Some time ago I wrote:
Rainer Brockerhoff wrote:

I think Apple will take OS-hardware integration to a new peak with the Intel Macs. They’ll have a gigabyte or so of flash memory where an encrypted version of the Mac OS X will reside – a return to the days of the first Mac 128, when most of the toolbox was in ROM and the “System” file just contained patches and late-minute additions.

Looks like I was wrong on that. The nuts nice people at Kodawari-san have just posted pictures of the innards of the new iMac Core Duo; there’s no huge amount of flash memory visible. Of course these may or may not be pictures of an actual production system, but chances are that they’re authentic.

I wish they’d done more and sharper pictures, but here’s what we can see:

Front and back views of the CPU board (or is it the other way around? no matter). It can’t be properly called a motherboard since there are no expansion slots. The RAM socket is in the same place as in the last iMac G5.

A shot of the Intel Core Duo processor. The T2400 designator says it’s a 1.83GHz clock version. There’s a liquid cooling block which displaces the heat to a position where the fans can blow it away.

This is the ATI graphics chip. No surprise there.

An Intel 82945GM controller, also known as the 945GM Express chipset. This chip interfaces the Core Duo processor to DDR2 SDRAM and to the I/O controller; the frontside bus to the processor runs at 667MHz and is 32 bits wide. The memory bus is 64 bits wide and also runs at up to 667MHz. Of note here is that it’s limited to 4GB of RAM. It supports internal graphics, LCDs, TV output and some other stuff not used in the iMac. It also has a PCI-Express bus to which (judging from the board layout) the ATI chip is connected.

Now look at this picture. It shows an Intel 82801GBM I/O Controller Hub chip. This chip does most everything else; it also has a PCI-Express interface, LAN controller, 8 USB ports, SATA, IDE, audio, you-name-it. No direct FireWire support; obviously Apple has connected a separate controller chip to it.
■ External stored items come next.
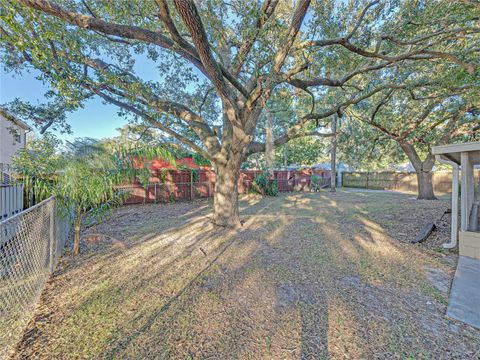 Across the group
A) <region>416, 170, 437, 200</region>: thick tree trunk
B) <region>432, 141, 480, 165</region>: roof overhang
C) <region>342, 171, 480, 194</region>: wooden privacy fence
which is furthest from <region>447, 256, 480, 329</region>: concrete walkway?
<region>342, 171, 480, 194</region>: wooden privacy fence

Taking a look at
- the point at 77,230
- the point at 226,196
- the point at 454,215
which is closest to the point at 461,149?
the point at 454,215

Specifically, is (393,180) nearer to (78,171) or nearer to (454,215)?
(454,215)

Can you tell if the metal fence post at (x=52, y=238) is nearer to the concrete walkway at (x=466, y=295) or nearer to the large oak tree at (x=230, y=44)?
the large oak tree at (x=230, y=44)

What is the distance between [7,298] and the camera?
2064 millimetres

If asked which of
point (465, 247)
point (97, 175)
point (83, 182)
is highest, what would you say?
point (97, 175)

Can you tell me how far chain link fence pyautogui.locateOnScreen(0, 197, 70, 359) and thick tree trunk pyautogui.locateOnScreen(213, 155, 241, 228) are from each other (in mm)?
3374

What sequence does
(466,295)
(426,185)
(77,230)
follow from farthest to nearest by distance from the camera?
(426,185) → (77,230) → (466,295)

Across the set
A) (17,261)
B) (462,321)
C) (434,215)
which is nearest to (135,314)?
(17,261)

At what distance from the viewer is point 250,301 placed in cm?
252

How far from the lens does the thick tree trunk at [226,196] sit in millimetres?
5438

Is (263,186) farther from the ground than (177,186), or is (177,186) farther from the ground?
(177,186)

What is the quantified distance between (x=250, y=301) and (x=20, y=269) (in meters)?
2.50

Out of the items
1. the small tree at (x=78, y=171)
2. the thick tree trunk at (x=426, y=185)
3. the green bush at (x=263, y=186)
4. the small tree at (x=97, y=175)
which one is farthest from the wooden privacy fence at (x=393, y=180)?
the small tree at (x=78, y=171)

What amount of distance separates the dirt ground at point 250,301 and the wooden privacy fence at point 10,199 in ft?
4.50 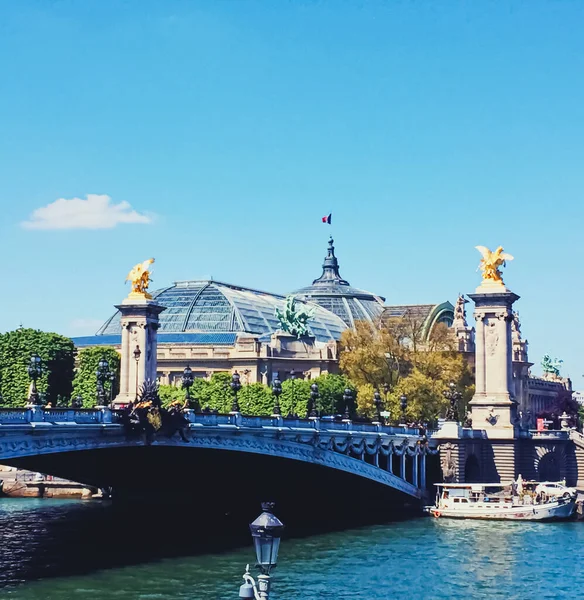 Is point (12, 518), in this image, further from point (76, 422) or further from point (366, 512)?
point (76, 422)

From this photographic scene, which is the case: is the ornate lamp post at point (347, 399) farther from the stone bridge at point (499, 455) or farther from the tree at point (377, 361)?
the stone bridge at point (499, 455)

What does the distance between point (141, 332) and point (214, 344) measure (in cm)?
3889

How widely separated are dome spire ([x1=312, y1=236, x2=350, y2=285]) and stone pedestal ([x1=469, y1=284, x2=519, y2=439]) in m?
89.3

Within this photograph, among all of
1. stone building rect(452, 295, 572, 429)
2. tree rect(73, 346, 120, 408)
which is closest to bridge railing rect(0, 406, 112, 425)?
tree rect(73, 346, 120, 408)

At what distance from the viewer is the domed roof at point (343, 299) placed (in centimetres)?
16612

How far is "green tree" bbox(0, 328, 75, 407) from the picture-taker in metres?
94.6

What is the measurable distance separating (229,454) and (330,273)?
4543 inches

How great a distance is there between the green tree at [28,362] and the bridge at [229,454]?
17.0 metres

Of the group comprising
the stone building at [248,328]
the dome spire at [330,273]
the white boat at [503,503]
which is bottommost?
the white boat at [503,503]

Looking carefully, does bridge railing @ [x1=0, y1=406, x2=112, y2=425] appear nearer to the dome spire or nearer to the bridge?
the bridge

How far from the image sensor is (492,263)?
283ft

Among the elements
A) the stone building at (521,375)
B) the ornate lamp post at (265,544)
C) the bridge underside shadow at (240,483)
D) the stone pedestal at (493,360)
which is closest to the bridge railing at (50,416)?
the bridge underside shadow at (240,483)

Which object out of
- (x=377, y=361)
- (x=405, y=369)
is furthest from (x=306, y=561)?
(x=405, y=369)

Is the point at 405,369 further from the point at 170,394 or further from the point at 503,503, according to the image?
the point at 503,503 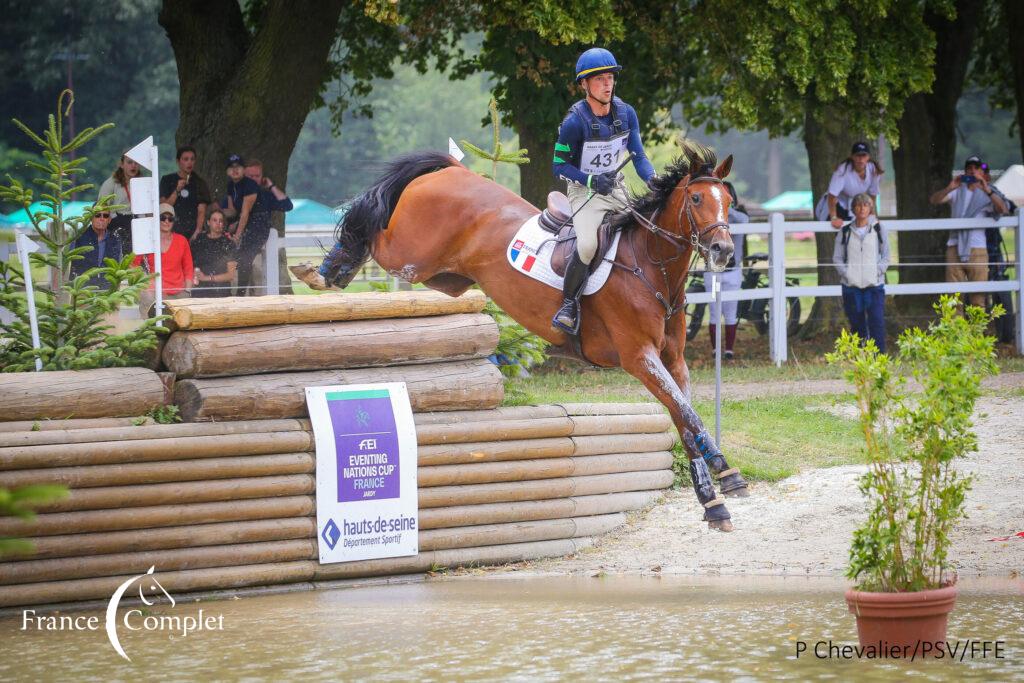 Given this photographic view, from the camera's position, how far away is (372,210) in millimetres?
9641

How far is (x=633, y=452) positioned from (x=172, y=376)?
3.51 meters

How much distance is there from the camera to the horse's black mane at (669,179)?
8.03 m

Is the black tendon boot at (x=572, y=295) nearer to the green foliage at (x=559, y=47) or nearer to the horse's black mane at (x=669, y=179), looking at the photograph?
the horse's black mane at (x=669, y=179)

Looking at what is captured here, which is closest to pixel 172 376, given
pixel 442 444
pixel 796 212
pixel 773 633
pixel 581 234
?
pixel 442 444

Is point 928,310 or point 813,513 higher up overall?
point 928,310

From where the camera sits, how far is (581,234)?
27.8ft

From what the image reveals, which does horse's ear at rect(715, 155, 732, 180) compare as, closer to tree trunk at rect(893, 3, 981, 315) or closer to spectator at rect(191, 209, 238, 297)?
spectator at rect(191, 209, 238, 297)

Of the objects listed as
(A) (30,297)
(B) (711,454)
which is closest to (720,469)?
(B) (711,454)

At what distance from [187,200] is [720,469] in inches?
294

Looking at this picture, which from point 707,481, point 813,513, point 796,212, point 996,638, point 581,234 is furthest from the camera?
point 796,212

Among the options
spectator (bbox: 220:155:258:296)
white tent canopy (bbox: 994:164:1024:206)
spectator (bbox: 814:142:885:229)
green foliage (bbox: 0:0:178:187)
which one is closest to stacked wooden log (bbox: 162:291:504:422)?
spectator (bbox: 220:155:258:296)

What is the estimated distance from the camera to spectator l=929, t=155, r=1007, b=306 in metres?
16.9

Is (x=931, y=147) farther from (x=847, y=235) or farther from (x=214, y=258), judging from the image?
(x=214, y=258)

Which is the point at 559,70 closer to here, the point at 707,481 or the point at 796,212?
the point at 707,481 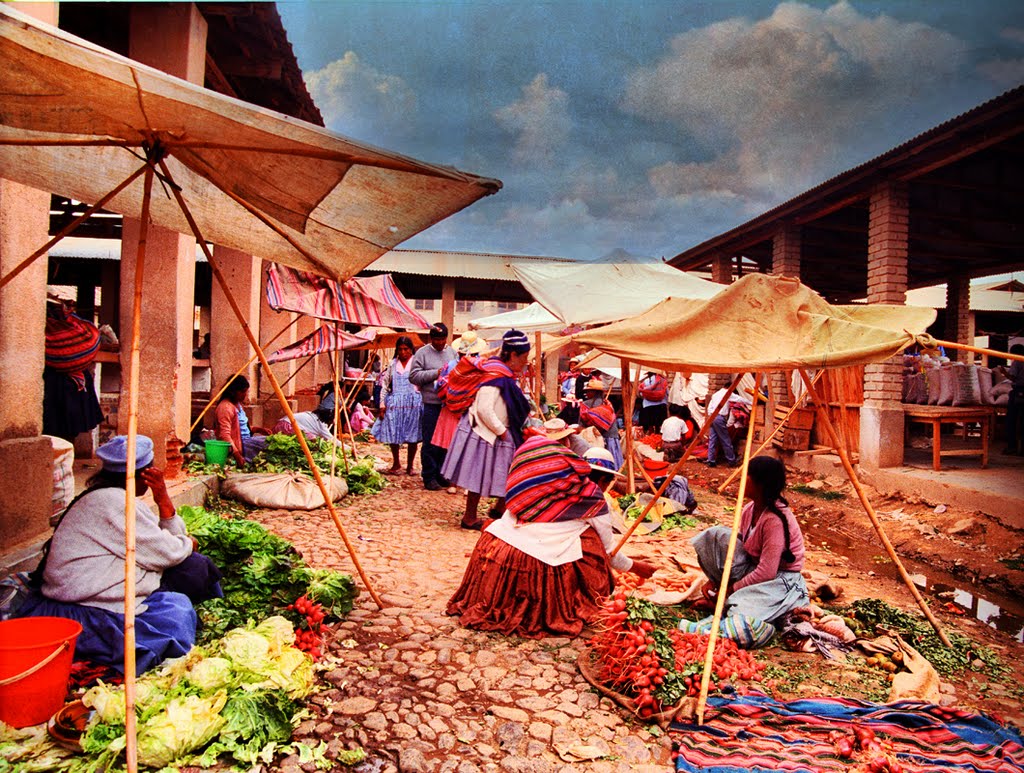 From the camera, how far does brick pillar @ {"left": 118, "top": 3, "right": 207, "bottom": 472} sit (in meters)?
6.54

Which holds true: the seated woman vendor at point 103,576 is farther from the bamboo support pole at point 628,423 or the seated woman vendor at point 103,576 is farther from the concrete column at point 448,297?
the concrete column at point 448,297

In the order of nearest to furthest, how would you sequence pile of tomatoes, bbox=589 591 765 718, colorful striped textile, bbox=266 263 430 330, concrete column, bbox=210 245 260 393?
pile of tomatoes, bbox=589 591 765 718 → colorful striped textile, bbox=266 263 430 330 → concrete column, bbox=210 245 260 393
Most interestingly, the somewhat blurry 28-pin chip to the right in this photo seems to be the Infineon TPM chip.

I’ve downloaded Intel’s manuals for these chips; it’s a huge mass of information (and, strangely, Preview won’t open most of them, although Acrobat Reader works). More details after I’ve read all that stuff…

The last-gen iMac G5’s hardware manual doesn’t seem to be available, but the one for the May’2005 version is (it’s the one I’m typing this on). The block diagram is somewhat similar; the “U3 Lite” corresponds to the 82945GM chip, the “Shasta” corresponds to the 82801GBM.